Development of Mental Models in Human-AI Collaboration: A Conceptual Framework
It addresses a gap in human-AI collaboration literature by focusing on dynamic mental models, which is incremental as it builds on existing research but shifts focus from static human assumptions.
The paper tackles the neglected evolution of decision-makers' mental models in human-AI collaboration by developing a conceptual framework that identifies mechanisms like data contextualization and reasoning transparency to guide effective design.
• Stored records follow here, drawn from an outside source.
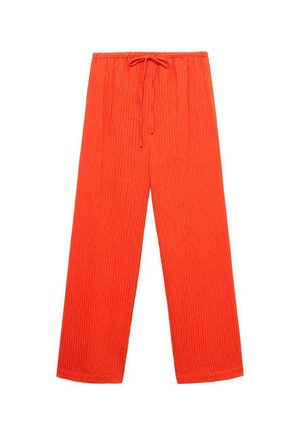 Pantalones anchos rojos, hechos de un tejido texturizado con acanalado vertical y una cinturilla elástica con cordón para ajustarse.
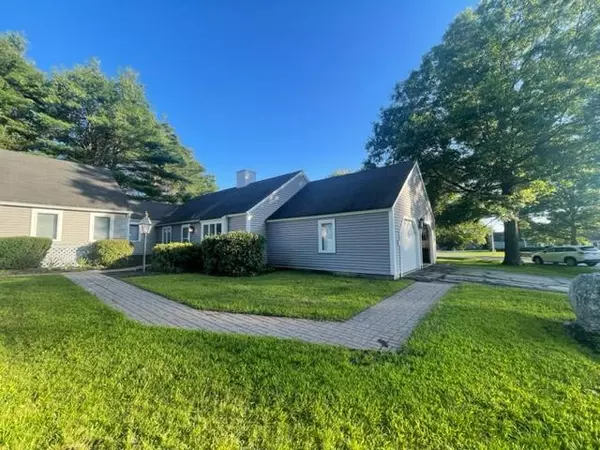 Auburn, ME 04210,18 Colonial WAY #18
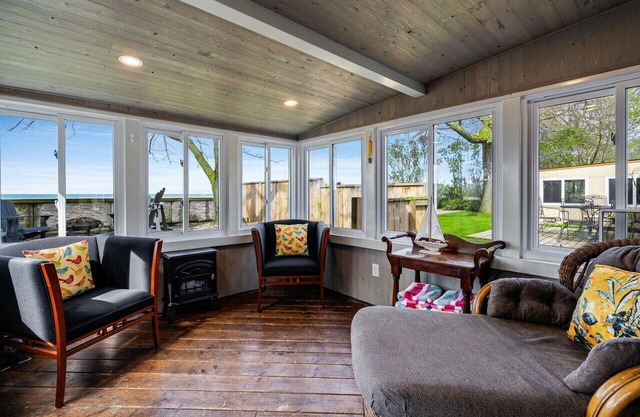 The KingFisher Lakehouse: Your Lakeside Haven
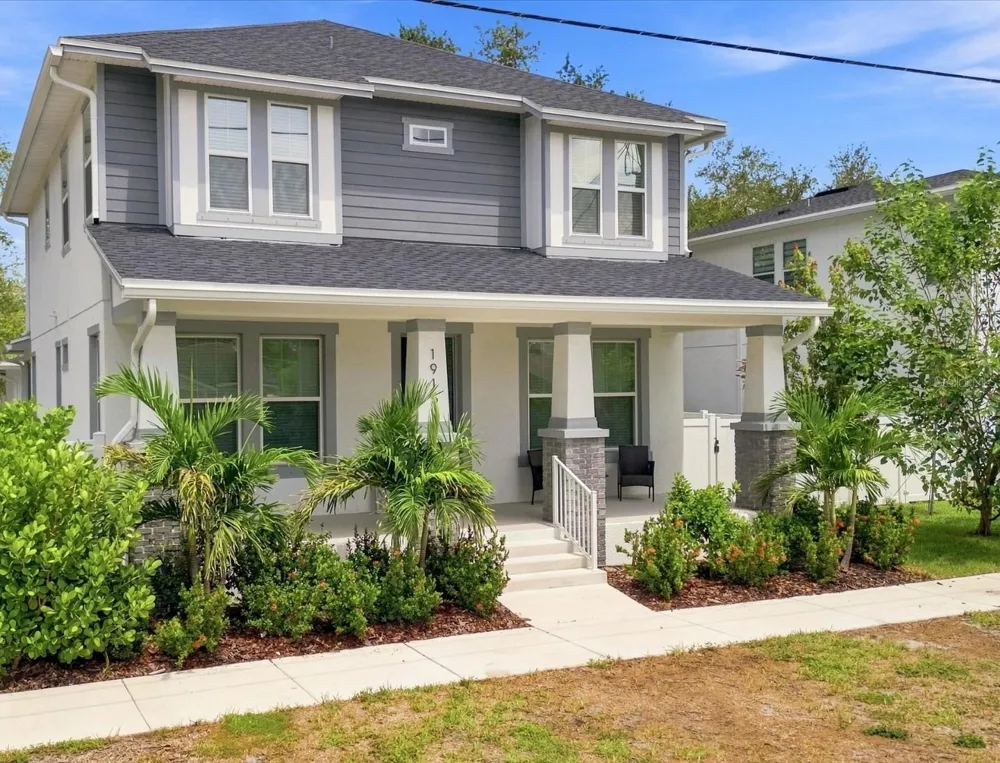1915 W STATE STREET Tampa, FL 33606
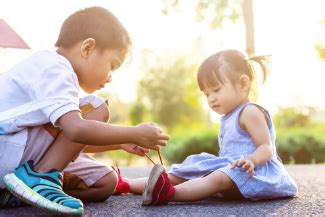 Menolong anak kecil tenggelam togel. Indo togel hkg hari.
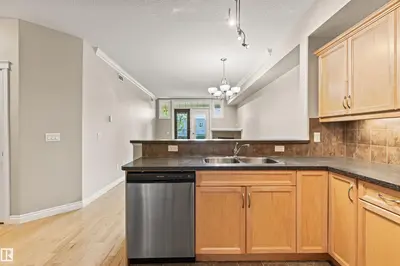 Interior photo 2 of #112 12408 15 AV SW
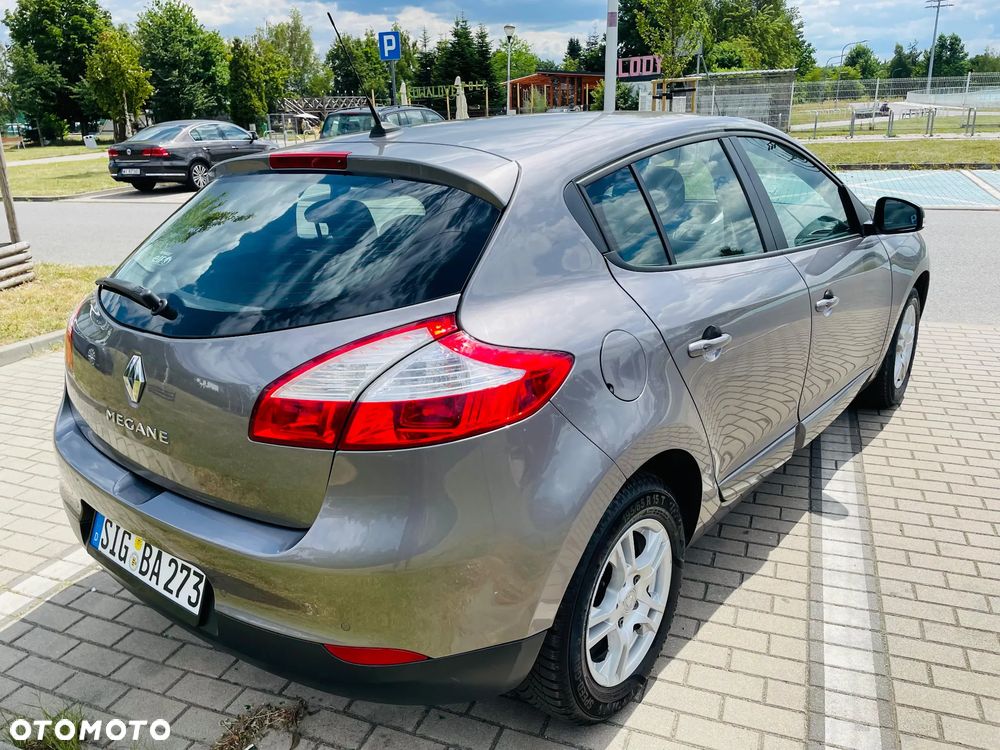 Renault Megane 1.6 16V 110 Paris Business - 5
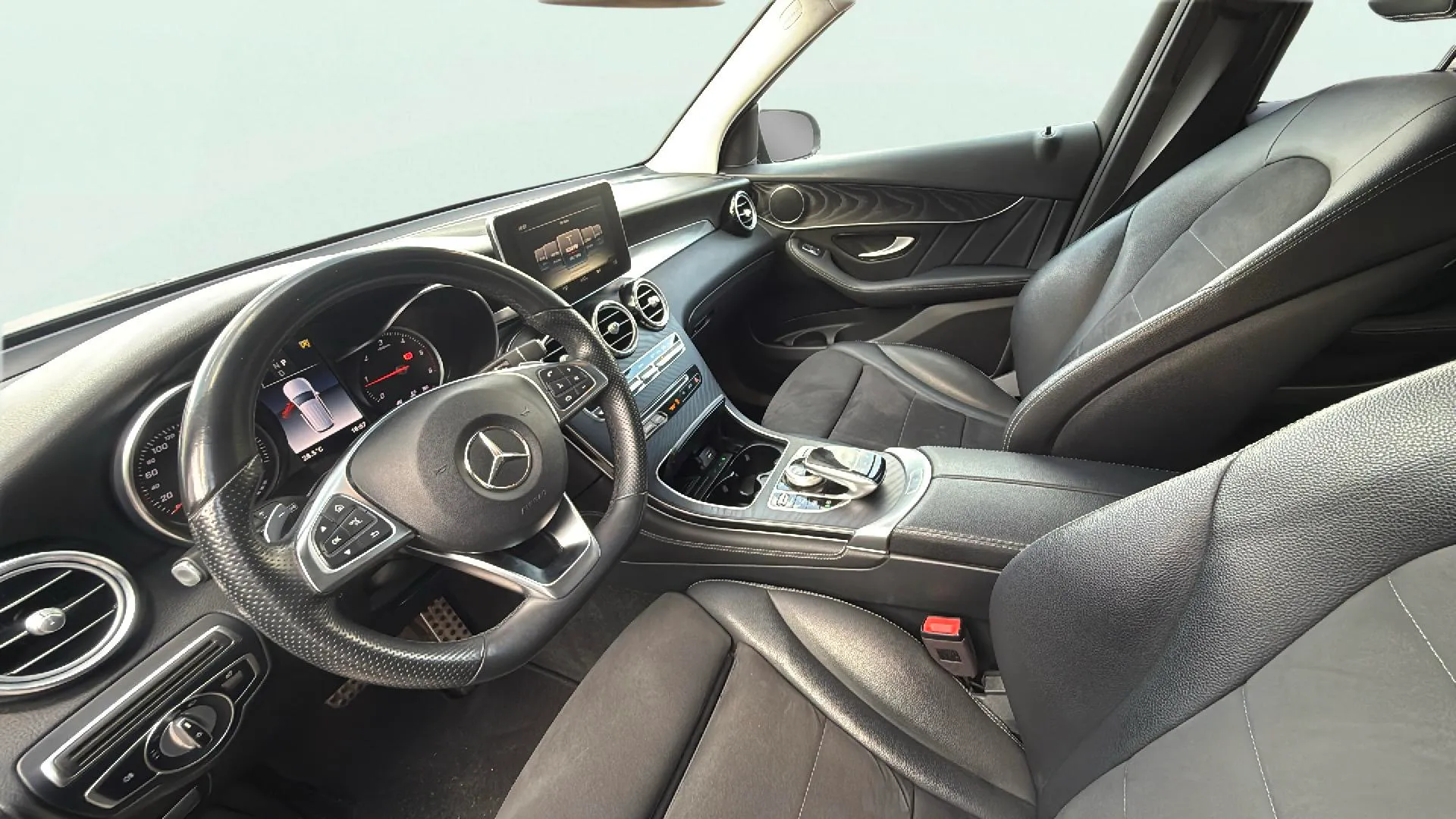 Mercedes-Benz GLC 220 d 4MATIC - foto 7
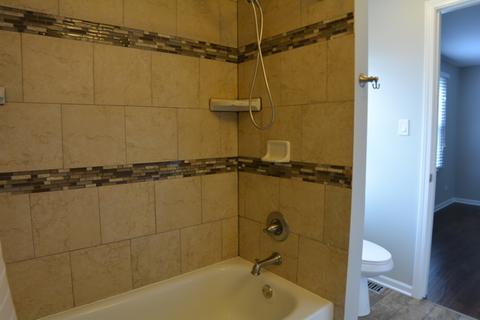 1834 Grantham Pl, Hoffman Estates, IL 60169 photo 16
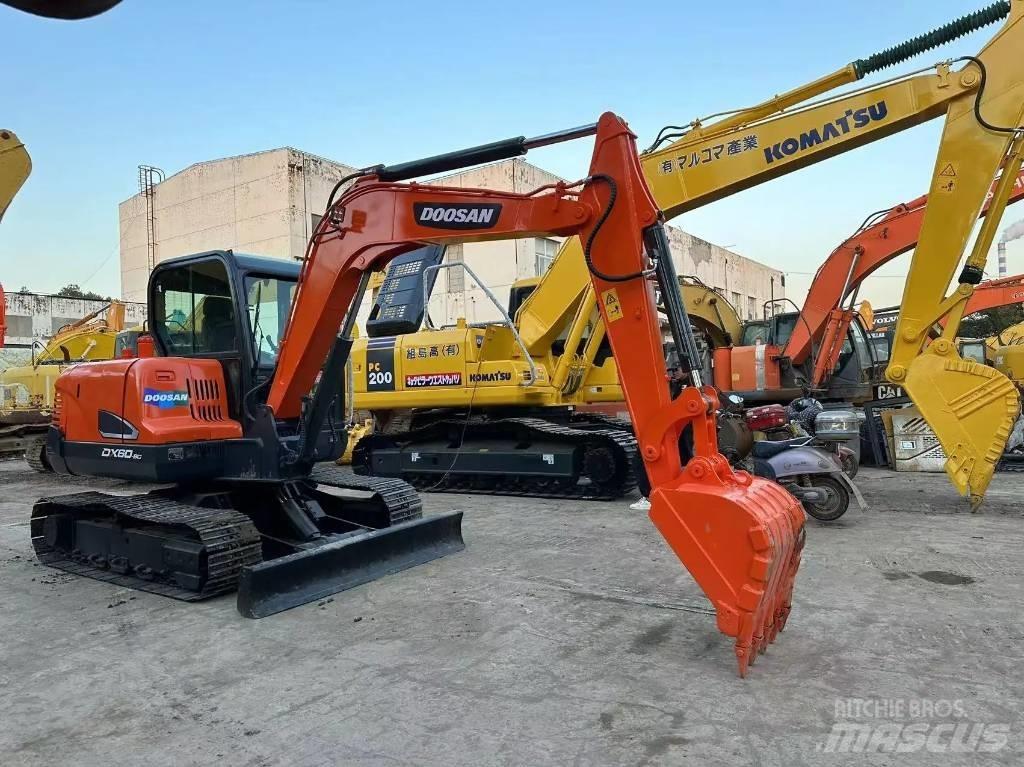 Doosan DX60-9C Mini ekskavatörler, 7 tona dek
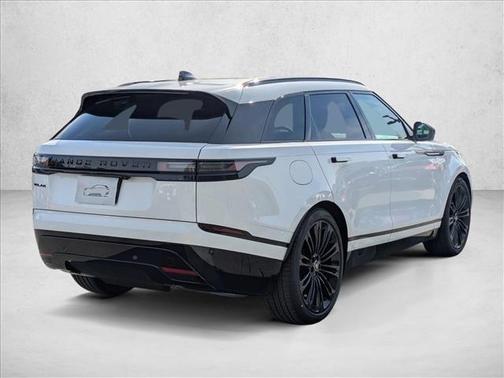 2026 Land Rover Range Rover Velar P250 SE R-Dynamic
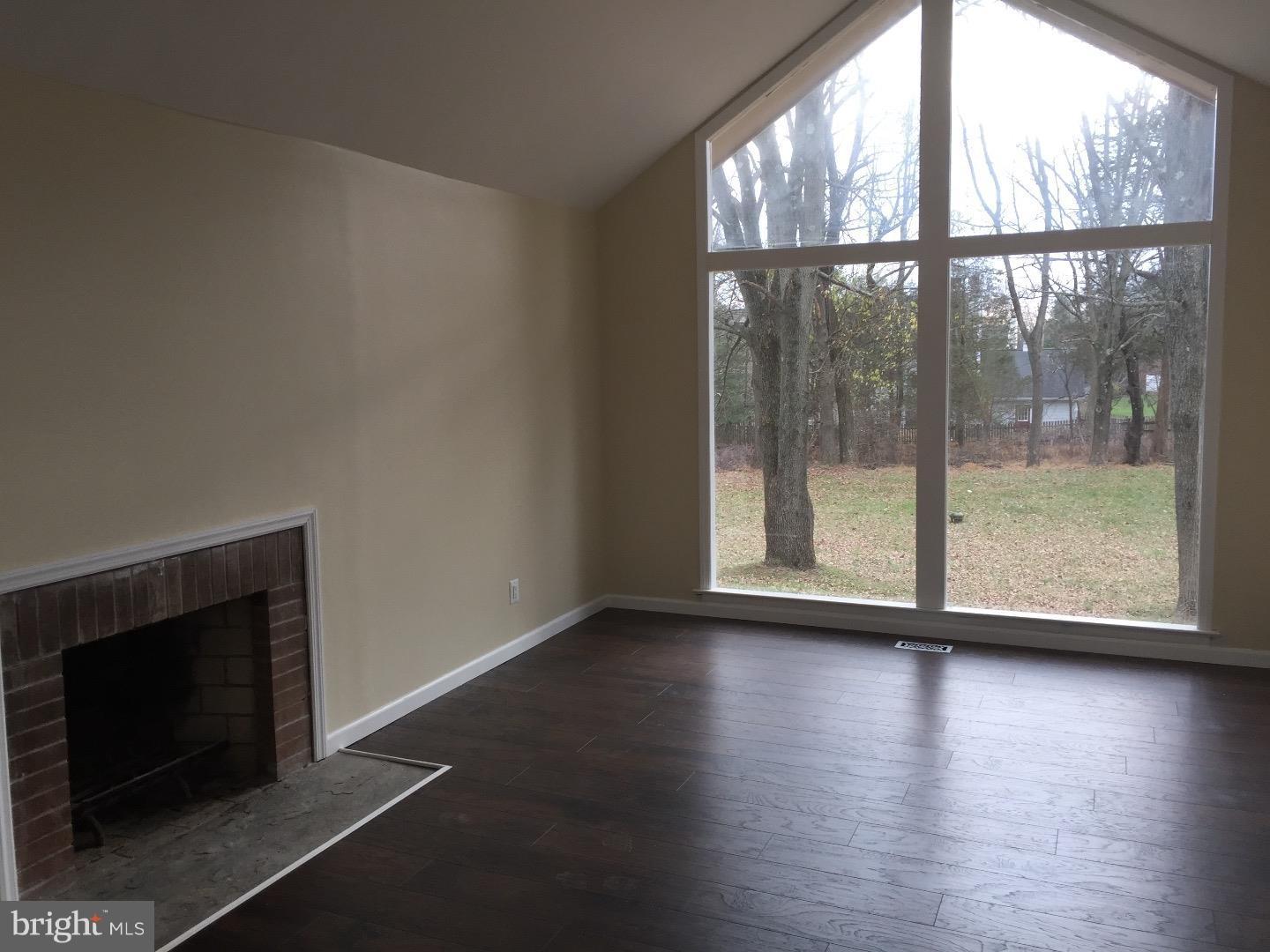 31 Brandon Road Pennington, NJ 08534 - Photo 6 of 17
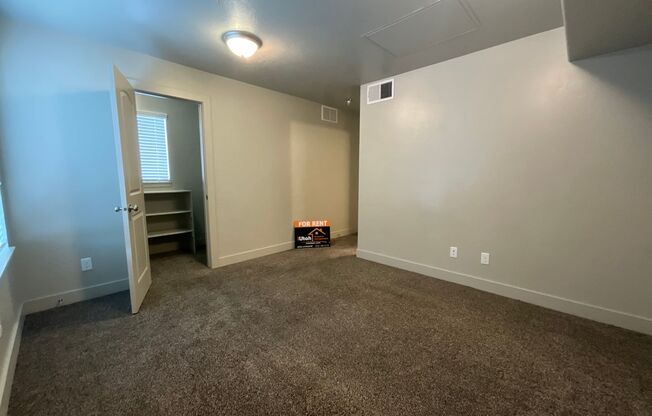 3 beds, 2 baths, 1,250 sqft, $1,550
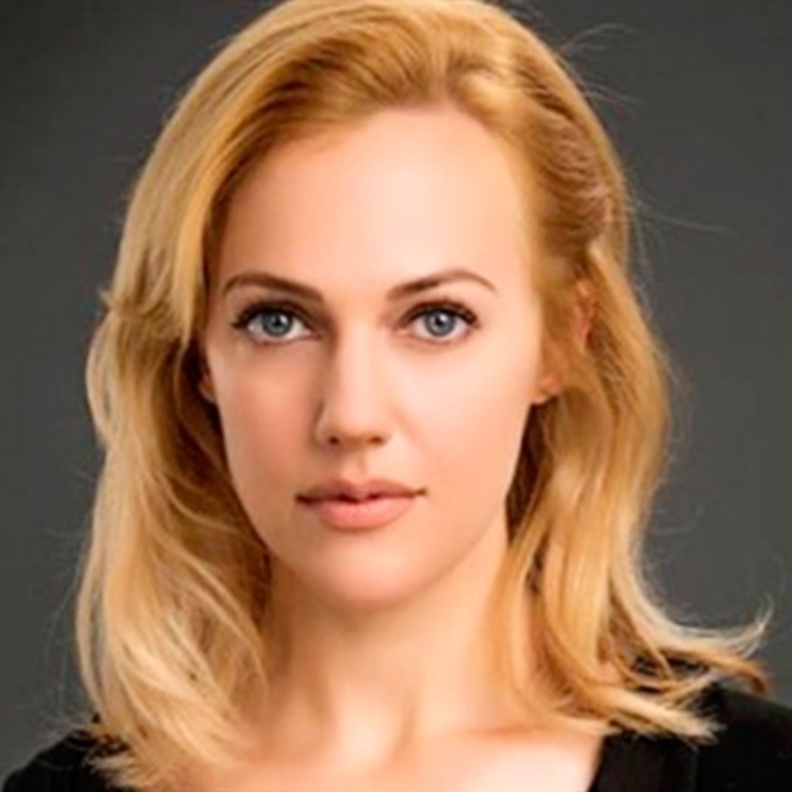 ألينا بوز تحلم بدراسة علم النفس 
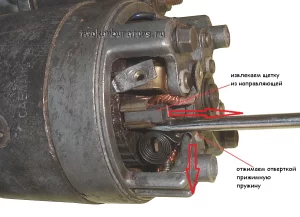 Извлекаем щетку стартера из направляющей, с помощью отвертки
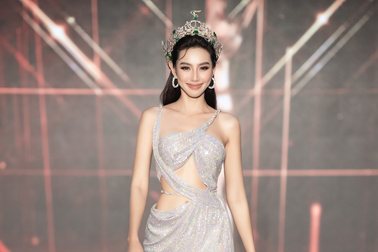Thùy Tiên mặc gợi cảm, nhắn nhủ đặc biệt với thí sinh Miss Grand Vietnam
Artificial intelligence has become integral to organizational decision-making and while research has explored many facets of this human-AI collaboration, the focus has mainly been on designing the AI agent(s) and the way the collaboration is set up - generally assuming a human decision-maker to be "fixed". However, it has largely been neglected that decision-makers' mental models evolve through their continuous interaction with AI systems. This paper addresses this gap by conceptualizing how the design of human-AI collaboration influences the development of three complementary and interdependent mental models necessary for this collaboration. We develop an integrated socio-technical framework that identifies the mechanisms driving the mental model evolution: data contextualization, reasoning transparency, and performance feedback. Our work advances human-AI collaboration literature through three key contributions: introducing three distinct mental models (domain, information processing, complementarity-awareness); recognizing the dynamic nature of mental models; and establishing mechanisms that guide the purposeful design of effective human-AI collaboration.